The Case of Eric Hobsbawm: Can a Stalinist Be a Good Historian?
Perhaps the single most insightful recent piece on Hobsbawm appears in The American, the magazine of The American Enterprise Institute. The article is written by Lee Harris. Harris understands why so many conservatives think well of the old Stalinist. Hobsbawm’s belief that had the Soviet experiment worked and produced the utopia its supporters promised, the millions killed in the effort would have been justified, Harris writes:
[I]s a product of what Hobsbawm’s admirers see as his strongest point, namely, his interest in grand historical narrative—offering a sweeping, big-picture view of events. In an age in which historians tend to specialize in narrow and detailed analysis of isolated tracts of history, and even thin slices of it at that, it is refreshing to see a historian who is brave enough to take the whole destiny of man as his theme. This, after all, is one of the more creditable legacies of the Marxist tradition, the search for an overriding pattern that gives meaning and purpose to the dismaying vicissitudes of seemingly haphazard events. But there is a catch to this style of grand theorizing -- it allows, indeed it positively encourages, the grand theorist to permit the ends to justify even the vilest and most atrocious means, including the massacre of innocent millions.
Harris argues, moreover, that Hosbawm must have been aware, as Genovese claimed, that he really was not much of a Marxist anymore, despite his claims to have been one. Harris writes, comparing Hobsbawm to Genovese:
Hobsbawm’s claim that he was a Marxist rested solely on a sentimental attachment to the delusions of his youth, and he sometimes came close to admitting as much. But a serious thinker cannot allow his youthful enthusiasm to cloud his mature judgment. Having come to realize that Marx’s End of History was an illusion, Hobsbawm should have openly confessed that Marxism, as a philosophy of history, was bankrupt. It is not simply that Hobsbawm was wrong—a serious thinker can be forgiven that—but that he was intellectually incoherent, claiming to be a Marxist while simultaneously abandoning the cardinal doctrines of Marxism. This fatal incoherence was pointed out as early as 1994 by one of Hobsbawm’s most perceptive critics, the brilliant American historian Eugene Genovese, who died at the age of 82, only a few days before Hobsbawm. What made Genovese’s critique so powerful was that he, like Hobsbawm, had begun his life as a Marxist radical, but, unlike Hobsbawm, Genovese had the fortitude of character to accept the lessons of history, instead of evading them. Indeed, Genovese’s intellectual honesty forced him not only to renounce Marxism, but to abandon progressivism altogether, a move that ended in his full conversion both to conservatism and to the Roman Catholic Church—a fact that might explain why his death was not greeted by the same outpouring of adoration from the liberal media as the death of Eric Hobsbawm.
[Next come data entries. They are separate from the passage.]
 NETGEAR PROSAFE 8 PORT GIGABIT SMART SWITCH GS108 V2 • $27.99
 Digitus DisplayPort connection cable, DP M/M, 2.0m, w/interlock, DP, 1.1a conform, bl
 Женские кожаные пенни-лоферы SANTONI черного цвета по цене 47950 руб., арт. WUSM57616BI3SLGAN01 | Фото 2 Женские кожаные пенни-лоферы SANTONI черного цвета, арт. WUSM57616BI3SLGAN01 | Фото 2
He notes that in praising Hosbawm, Genovese in his review favorably cited the works of Vilfredo Pareto, the 20th century social theorist whose work was always “anathema” to Marxists and whose belief in a “circulation of elites” that continue to rule the social order directly contradicts the entire Marxist paradigm. So if Hobsbawm secretly thought Pareto was right, as Genoevese believed, Harris concludes that Hobsbawm should have “had the courage to come out of his closet, to admit disillusionment with Marxism, and to recognize the folly behind the myth of inevitable human progress.”
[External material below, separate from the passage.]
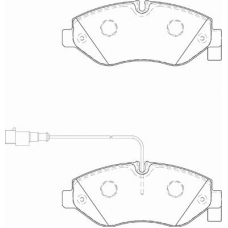 FD7345V NECTO Комплект тормозных колодок, дисковый тормоз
Had he done that, however, Hobsbawm would not have had the continuing love of the Western Left which extended from Tony Blair of the center-left in Britain to Eric Foner of the Marxist Left in the United States. Indeed, he would have found himself isolated and scorned in polite academic and left-liberal circles, and been ignored or savagely attacked in the way Eugene Genovese was in his last years.